(Captioned web images)
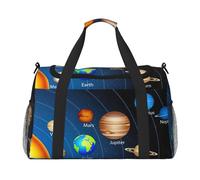 Borsa da viaggio da donna, con stampa del sistema solare, borsa da viaggio, borsa da viaggio, borsa da viaggio, accessori da viaggio, Nero , Taglia unica
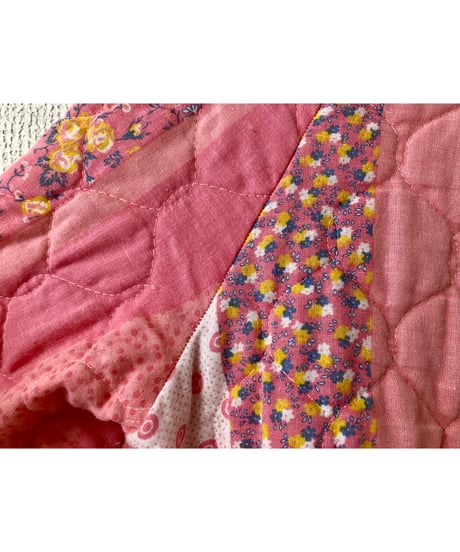 70s quilted flower dress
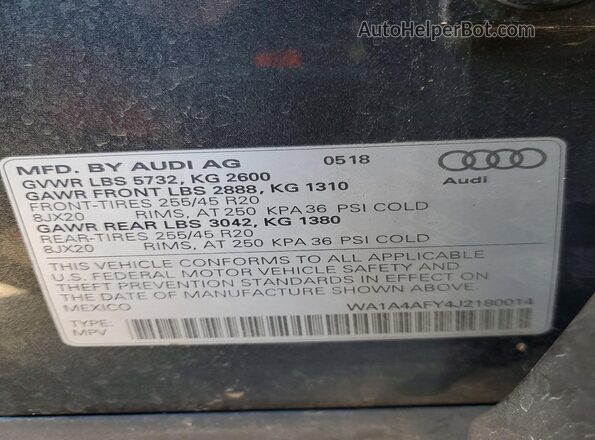 WA1A4AFY4J2180014 2018 AUDI SQ5 Charcoal Vista de la etiqueta del VIN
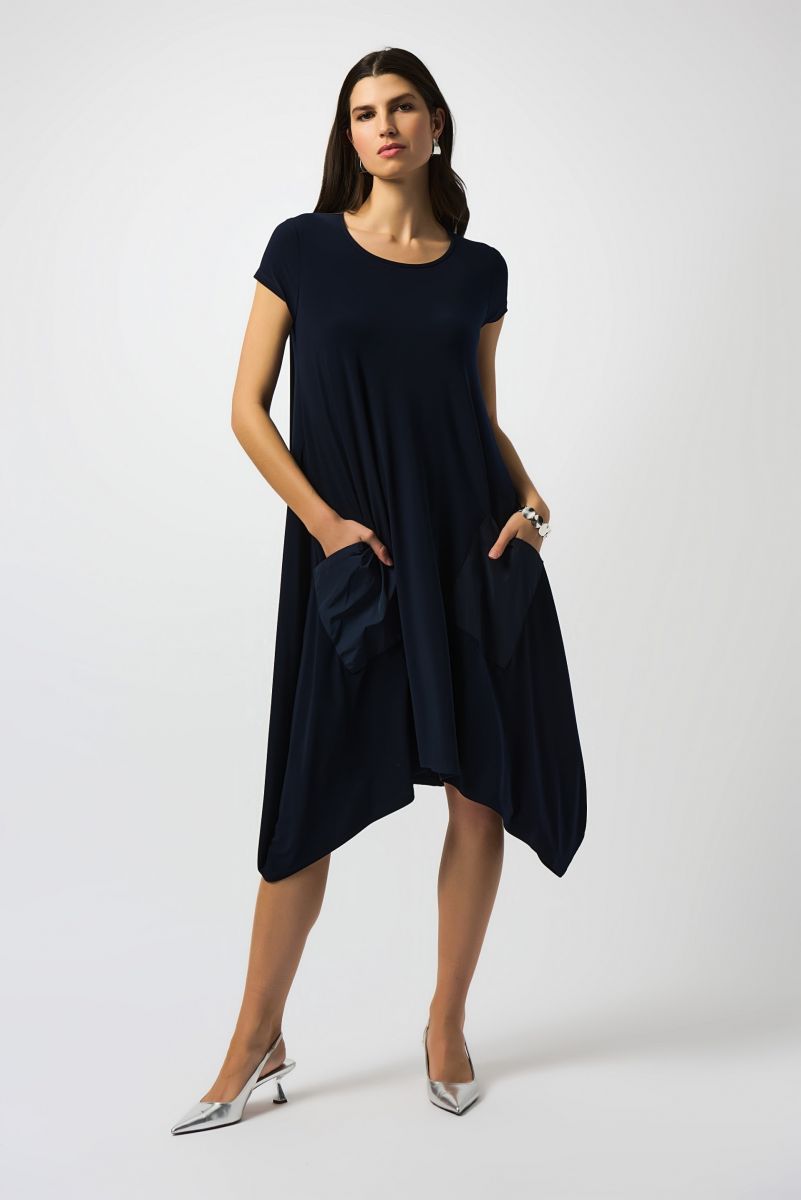 Joseph Ribkoff Midnight Blue Silky Knit Cocoon Dress Style 251146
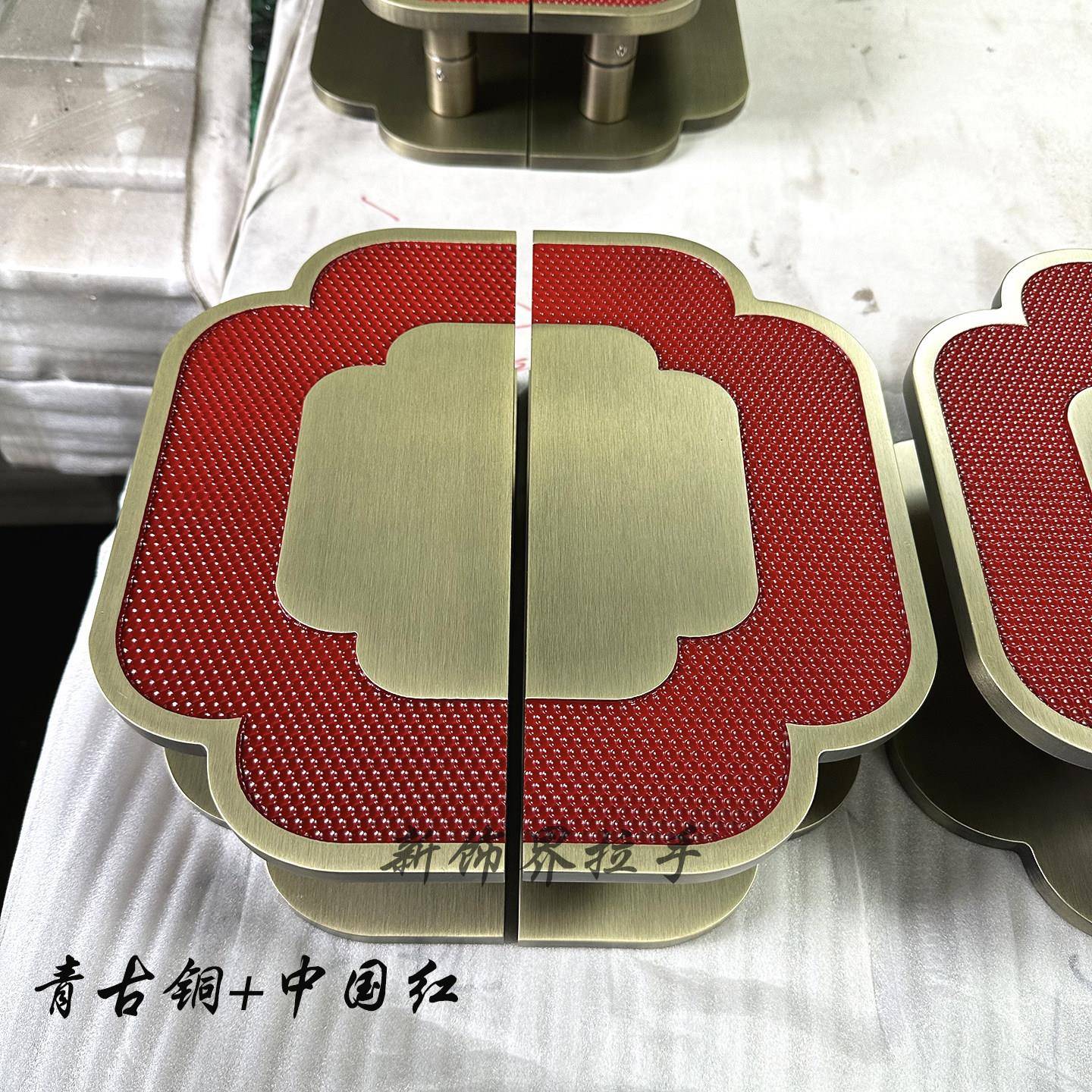 中式玻璃门拉手彷古铜大门把手会所饭厅包房木门把手现代简约半圆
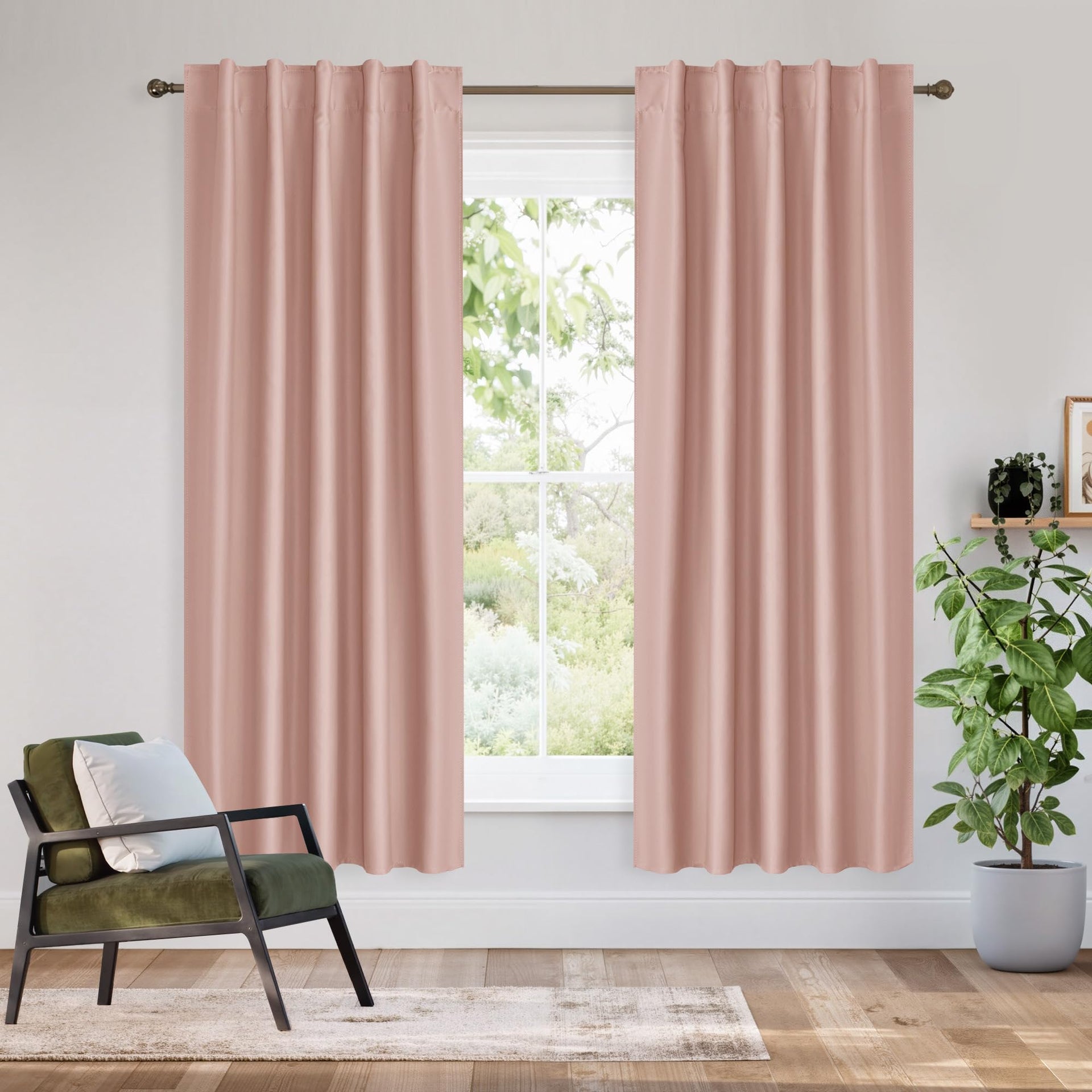 Bedroom Blackout Curtains 63 inches Long (2 Count)
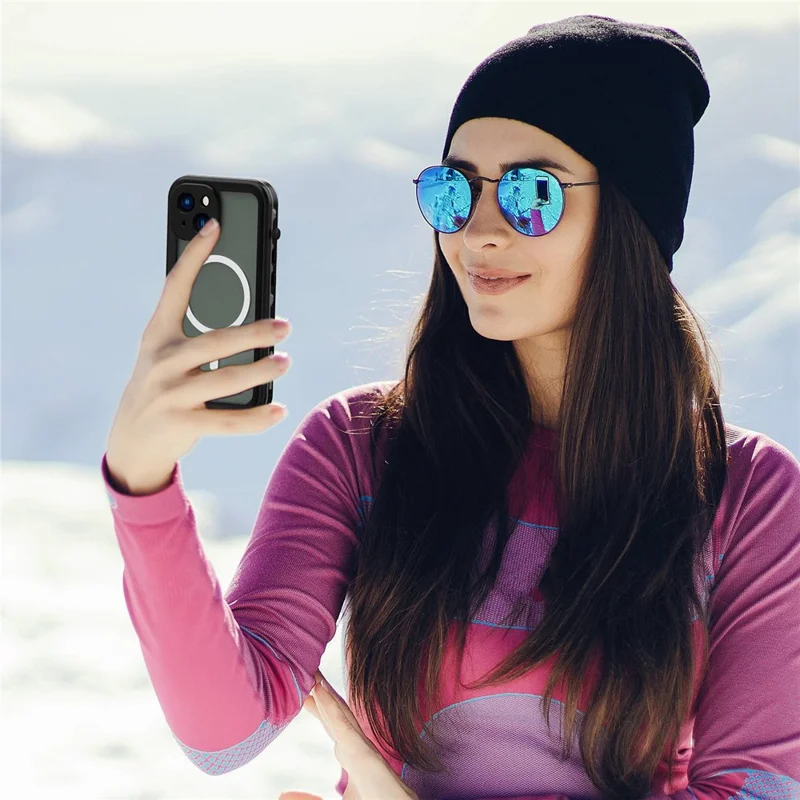 REDPEPPER Dot+ Series for iPhone 14 Plus IP68 Waterproof Clear Back Case Drop-proof Dust-proof Cover Compatible with Magsafe Charger - Black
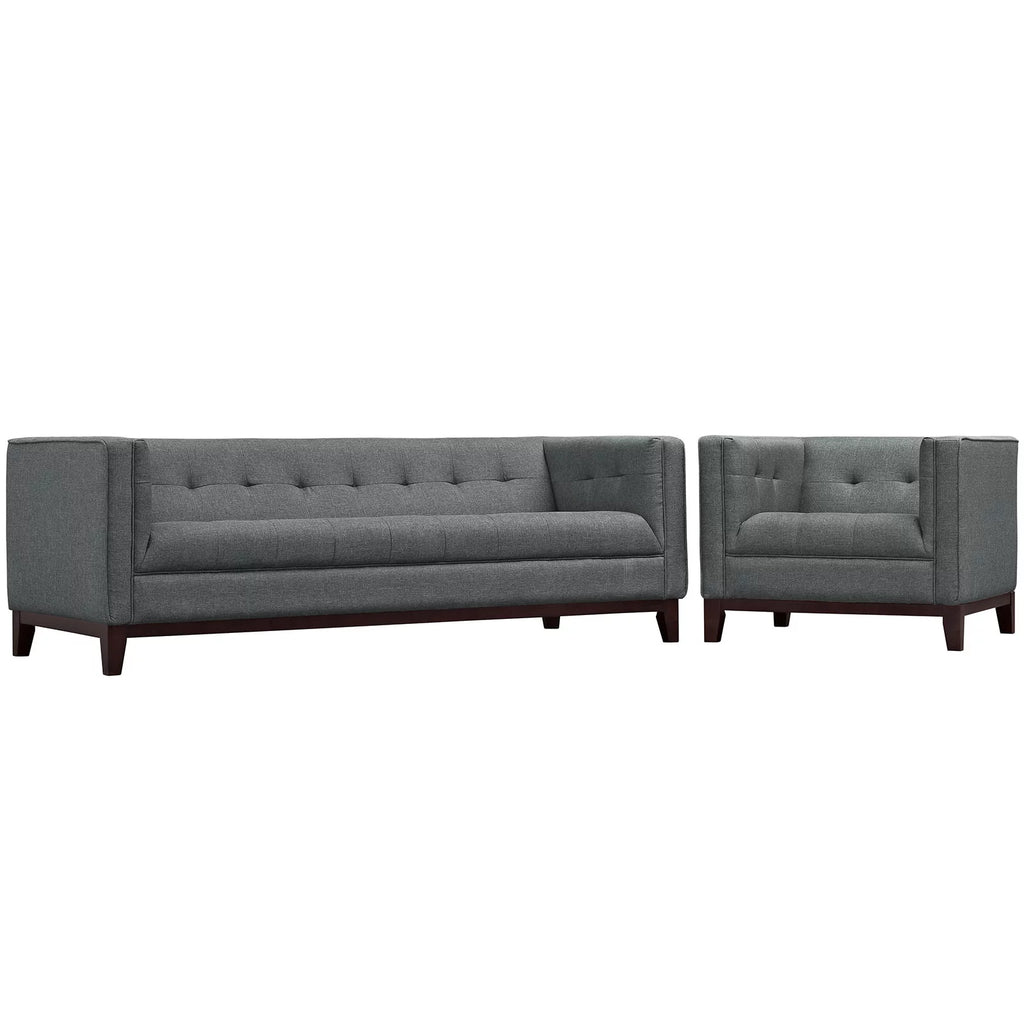 Grey Fabric Sofa Set of Two U416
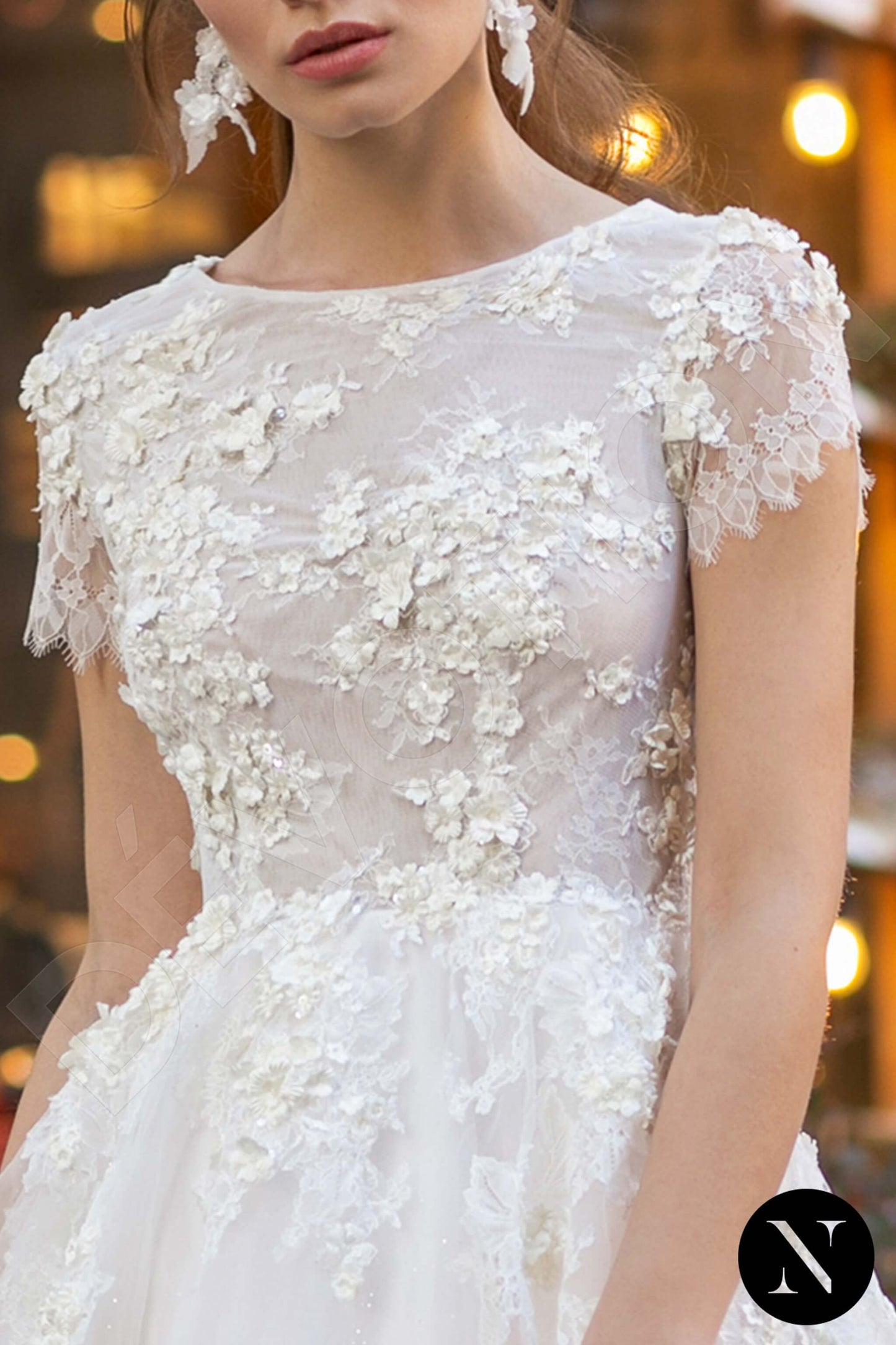 Kostans Full back A-line Short/ Cap sleeve Wedding Dress 3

> **Exercise aim**:
Output each line above exactly. Skip the images.

> **Exercise solution**:
 Borsa da viaggio da donna, con stampa del sistema solare, borsa da viaggio, borsa da viaggio, borsa da viaggio, accessori da viaggio, Nero , Taglia unica
 70s quilted flower dress
 WA1A4AFY4J2180014 2018 AUDI SQ5 Charcoal Vista de la etiqueta del VIN
 Joseph Ribkoff Midnight Blue Silky Knit Cocoon Dress Style 251146
 中式玻璃门拉手彷古铜大门把手会所饭厅包房木门把手现代简约半圆
 Bedroom Blackout Curtains 63 inches Long (2 Count)
 REDPEPPER Dot+ Series for iPhone 14 Plus IP68 Waterproof Clear Back Case Drop-proof Dust-proof Cover Compatible with Magsafe Charger - Black
 Grey Fabric Sofa Set of Two U416
 Kostans Full back A-line Short/ Cap sleeve Wedding Dress 3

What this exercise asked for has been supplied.